万華(その4)-2
僕は燿子の双臀の細い切れ目に舌を少しずつ挿入し始める。鼻でその谷間の肉を押し分けるよ
うに尻の蕾を舌で探る。そして唾液を含んだ舌が燿子の蕾に触れると、彼女は思わずぶるっと下
半身を震わせた。その双臀の割れ目の溝にたっぷりと僕の唾汁が塗りこまれる。
女の尻の深みにその舌を潜り込ませていく感触に僕は息をはずませ、しだいに肉棒が硬さを増
していくのを感じていた。
その白い双丘の深く細い切れ目に、僕の荒い鼻息を含んだ熱気が籠もる。僕は鼻先を強くその
谷間に押しつけ、燿子の産毛の生えたような薄紅色のすぼまりに舌を触れる。
その蕾のようなすぼまりに滲みた燿子の匂いを嗅ぎたかったのだ。女の股間の汗が混ざったそ
の肛門のすぼまりの潤みが、艶めかしい被虐の芳香を僕に与えるのだ。
「…あっ…ん…」
燿子は、快感とも呻きともつかないような声をあげた。
僕はその肛門の縁肉を舐め、徐々にそのすぼまりの内部に舌を差し込み、内側の粘膜の汁さえ
啜ろうとする。しだいに犬のようにピチャピチャと舌先で尻穴の周辺の襞をかき回すように舌で
なぞる。その僕の唾液が燿子の尻の割れ目から股間に滴り流れている。
しだいに燿子の股間の湿り気をもった疼きさえ僕の舌に伝わってくるようだった。
「…ううっ…ん…いいわ…」
燿子は下半身を僕の舌で突き上げられ、内股の筋肉さえ張っている。白いうなじから背中にか
けて仰け反らせ、その白い下肢さえ引きつらせるように悩ましく小刻みに震えさせていた。

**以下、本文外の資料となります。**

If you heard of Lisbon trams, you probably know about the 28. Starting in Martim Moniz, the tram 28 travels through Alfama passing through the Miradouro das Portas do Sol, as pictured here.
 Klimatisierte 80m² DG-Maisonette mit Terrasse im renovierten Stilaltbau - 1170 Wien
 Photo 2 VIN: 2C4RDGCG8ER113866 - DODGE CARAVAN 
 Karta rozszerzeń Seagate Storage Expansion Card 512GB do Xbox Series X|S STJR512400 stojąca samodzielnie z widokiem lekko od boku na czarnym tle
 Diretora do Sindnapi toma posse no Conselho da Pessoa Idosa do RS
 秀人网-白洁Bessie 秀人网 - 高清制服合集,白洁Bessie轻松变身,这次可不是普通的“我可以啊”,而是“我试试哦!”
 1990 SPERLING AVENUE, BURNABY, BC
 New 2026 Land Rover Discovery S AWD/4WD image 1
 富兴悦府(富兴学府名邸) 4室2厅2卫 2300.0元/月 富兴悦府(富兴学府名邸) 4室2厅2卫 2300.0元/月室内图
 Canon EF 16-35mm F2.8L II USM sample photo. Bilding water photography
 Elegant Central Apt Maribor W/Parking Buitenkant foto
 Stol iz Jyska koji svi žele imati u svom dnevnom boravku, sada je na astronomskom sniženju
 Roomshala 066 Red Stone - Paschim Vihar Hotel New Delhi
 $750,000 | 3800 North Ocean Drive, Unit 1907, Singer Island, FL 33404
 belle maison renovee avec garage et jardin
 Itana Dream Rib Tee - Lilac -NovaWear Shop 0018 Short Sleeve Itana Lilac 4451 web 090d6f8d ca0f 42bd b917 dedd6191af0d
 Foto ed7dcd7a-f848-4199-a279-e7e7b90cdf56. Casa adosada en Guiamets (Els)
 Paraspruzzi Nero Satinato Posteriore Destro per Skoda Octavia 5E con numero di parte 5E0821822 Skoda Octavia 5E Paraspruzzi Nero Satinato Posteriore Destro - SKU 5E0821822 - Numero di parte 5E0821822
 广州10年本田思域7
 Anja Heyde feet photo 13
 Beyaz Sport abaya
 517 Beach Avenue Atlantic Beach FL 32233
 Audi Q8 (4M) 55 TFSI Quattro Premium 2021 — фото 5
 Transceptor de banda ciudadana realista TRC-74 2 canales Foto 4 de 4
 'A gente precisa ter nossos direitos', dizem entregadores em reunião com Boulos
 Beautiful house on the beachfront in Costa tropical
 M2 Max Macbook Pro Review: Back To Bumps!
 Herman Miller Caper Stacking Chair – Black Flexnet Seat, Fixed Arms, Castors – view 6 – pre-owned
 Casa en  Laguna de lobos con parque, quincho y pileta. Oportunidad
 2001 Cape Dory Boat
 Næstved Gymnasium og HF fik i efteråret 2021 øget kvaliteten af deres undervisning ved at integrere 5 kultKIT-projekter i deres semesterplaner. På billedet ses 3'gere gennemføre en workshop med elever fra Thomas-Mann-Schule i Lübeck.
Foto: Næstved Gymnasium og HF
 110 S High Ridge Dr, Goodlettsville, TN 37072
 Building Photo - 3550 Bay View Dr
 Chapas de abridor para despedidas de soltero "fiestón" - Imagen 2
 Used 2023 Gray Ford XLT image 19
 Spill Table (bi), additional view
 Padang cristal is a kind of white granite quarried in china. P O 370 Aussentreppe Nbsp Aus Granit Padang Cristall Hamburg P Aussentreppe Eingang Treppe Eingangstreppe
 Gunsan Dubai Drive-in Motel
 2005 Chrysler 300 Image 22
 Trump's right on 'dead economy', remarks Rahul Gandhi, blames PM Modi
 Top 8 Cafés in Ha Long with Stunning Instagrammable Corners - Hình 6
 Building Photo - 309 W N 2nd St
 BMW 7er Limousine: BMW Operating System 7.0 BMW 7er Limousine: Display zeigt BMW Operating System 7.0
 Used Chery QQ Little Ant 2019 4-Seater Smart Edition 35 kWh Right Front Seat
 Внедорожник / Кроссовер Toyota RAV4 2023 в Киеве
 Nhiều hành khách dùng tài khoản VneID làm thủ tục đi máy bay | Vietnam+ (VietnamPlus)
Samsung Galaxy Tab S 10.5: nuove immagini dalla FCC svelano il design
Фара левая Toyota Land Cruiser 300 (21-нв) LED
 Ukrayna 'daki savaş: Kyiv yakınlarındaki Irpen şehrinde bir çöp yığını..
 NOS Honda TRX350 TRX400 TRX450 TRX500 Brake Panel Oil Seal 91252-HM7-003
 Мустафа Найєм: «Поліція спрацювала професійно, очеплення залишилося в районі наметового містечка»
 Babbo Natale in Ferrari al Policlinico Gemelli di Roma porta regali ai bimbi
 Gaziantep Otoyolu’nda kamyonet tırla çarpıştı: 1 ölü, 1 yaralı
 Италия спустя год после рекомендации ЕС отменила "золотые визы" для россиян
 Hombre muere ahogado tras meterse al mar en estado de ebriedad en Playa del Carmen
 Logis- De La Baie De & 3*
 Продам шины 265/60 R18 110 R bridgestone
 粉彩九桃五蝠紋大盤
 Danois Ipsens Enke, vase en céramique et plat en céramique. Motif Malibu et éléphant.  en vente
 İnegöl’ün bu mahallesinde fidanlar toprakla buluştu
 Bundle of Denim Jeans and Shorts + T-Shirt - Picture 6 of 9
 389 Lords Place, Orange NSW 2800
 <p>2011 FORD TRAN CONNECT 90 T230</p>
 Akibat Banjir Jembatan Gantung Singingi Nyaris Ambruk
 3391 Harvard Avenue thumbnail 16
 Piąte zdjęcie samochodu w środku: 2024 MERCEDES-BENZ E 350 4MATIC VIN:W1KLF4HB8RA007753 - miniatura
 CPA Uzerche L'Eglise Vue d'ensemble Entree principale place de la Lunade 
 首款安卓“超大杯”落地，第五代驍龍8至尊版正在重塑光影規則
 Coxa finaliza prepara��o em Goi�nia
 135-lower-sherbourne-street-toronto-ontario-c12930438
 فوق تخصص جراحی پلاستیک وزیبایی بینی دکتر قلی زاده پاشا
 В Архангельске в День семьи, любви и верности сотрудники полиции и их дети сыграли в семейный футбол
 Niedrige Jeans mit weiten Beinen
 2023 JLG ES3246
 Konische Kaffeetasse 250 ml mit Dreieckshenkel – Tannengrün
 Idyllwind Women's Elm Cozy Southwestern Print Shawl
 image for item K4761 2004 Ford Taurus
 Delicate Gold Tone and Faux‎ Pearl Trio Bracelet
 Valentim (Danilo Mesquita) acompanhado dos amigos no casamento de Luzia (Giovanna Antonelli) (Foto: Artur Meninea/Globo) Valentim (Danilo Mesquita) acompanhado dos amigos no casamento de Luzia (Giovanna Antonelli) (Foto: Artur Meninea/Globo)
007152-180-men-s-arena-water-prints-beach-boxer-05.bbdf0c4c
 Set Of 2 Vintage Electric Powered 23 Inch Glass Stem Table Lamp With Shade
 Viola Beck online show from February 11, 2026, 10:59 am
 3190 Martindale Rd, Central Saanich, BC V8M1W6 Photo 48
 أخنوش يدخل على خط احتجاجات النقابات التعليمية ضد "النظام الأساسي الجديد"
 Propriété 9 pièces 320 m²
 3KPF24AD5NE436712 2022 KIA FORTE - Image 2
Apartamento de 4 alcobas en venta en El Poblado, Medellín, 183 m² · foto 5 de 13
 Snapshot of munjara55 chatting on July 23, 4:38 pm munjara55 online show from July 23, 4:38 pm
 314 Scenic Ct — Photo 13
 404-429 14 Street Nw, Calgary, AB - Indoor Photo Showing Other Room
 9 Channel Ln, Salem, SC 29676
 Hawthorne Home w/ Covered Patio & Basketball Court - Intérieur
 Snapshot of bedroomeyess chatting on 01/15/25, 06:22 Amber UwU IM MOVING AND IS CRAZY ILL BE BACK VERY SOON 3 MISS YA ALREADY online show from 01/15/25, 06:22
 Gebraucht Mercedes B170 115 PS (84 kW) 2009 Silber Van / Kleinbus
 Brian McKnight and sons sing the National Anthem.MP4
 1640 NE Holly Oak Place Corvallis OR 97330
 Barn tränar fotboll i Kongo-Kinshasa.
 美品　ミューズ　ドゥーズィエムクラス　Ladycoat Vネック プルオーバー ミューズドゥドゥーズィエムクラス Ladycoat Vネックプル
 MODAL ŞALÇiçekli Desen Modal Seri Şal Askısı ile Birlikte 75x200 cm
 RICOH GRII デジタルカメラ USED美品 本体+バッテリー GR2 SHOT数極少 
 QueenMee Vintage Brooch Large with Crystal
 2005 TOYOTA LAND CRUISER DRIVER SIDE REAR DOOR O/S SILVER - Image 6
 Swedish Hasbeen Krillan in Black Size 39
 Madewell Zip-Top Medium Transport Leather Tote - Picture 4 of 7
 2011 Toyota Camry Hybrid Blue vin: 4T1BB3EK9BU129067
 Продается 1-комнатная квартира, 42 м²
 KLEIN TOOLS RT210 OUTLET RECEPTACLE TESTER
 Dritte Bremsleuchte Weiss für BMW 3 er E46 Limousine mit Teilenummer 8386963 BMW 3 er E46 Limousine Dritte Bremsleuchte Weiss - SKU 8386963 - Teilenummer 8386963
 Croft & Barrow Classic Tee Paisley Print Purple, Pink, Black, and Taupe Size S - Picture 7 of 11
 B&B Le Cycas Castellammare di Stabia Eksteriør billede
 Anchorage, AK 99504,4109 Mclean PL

僕はその肛門の蕾を舌でこじ開け執拗に挿入しようとすると、その菊芽のねっとりとした粘膜
がめくれる。
…ああ…っ…
その舌はやがて双臀の大きな翳り全体の重みを感じていた。すぼまりから股間へ続く臀裂に沿
って僕は激しく唇でその谷間の湿り気を啜る。同時に燿子の肛門の縁襞がわずかに収縮している。
無意識のうちに燿子は尻襞をわずかに蠢かせているようだった。
自分自身の性の欺瞞を知っている女は、決して満たされることがない女だ…
そんな女たちは僕の体を獲物として捕らえたかと思うと、豹変したように僕を嬲り続ける。
僕の性器を嘲笑い、僕の肌に喰い込むくらい強く鞭を振り下ろし、女はその肉襞の粘膜を震え
るように擦り合わせ、官能に打ち震えながら淫汁を滴らせる。
僕のペ○スを咥え、しゃぶり続け、腰を振りながら何度となく登りつめ、果てても、そんな女
たちの深く暗い洞窟の出口は無限の先にある…。そこにあるのは、ただの空虚な寂寥だけなのだ。
それは僕自身も同じなのだ。まるで犬のように裸のまま鉄の檻に入れられ、その恥辱と苦痛に
どれだけ精液を垂れ流しても、求め続ける奴隷のような淫悦の実現は、深海のような果てしもな
い奈落の底にある。
どんなに痛めつけても…痛めつけられても…決して満たされることのない女たちと僕…
ただ異性の肉体の中に自分の性魔の幻影を見ているにすぎない。それはまるで鏡のような湖面
に自分自身を映し、自分の姿を抱きしめ溺愛することと同じだ。
情欲の赴くままに、痴態の限りを尽くし喘ぎながらも、満たされない肉欲の無意識の葛藤を繰
り返すだけなのだ。
地下室の換気用のダクトに流れる風の音が、どこか闇の啜り泣きのように聞こえてくる。
私はゆっくり煙草に火をつけた。私の足元の床に仰向けに横たわる全裸のアキラは、身を縮ま
せるように後ろ手に手枷で拘束された体を私の前に晒していた。そのアキラの美しく冴えわたる
象牙色の裸体を舐め廻すように視線を注ぐ。
その若い男のあまりに美しい肌に私は眩惑したように眩暈さえ感じていた。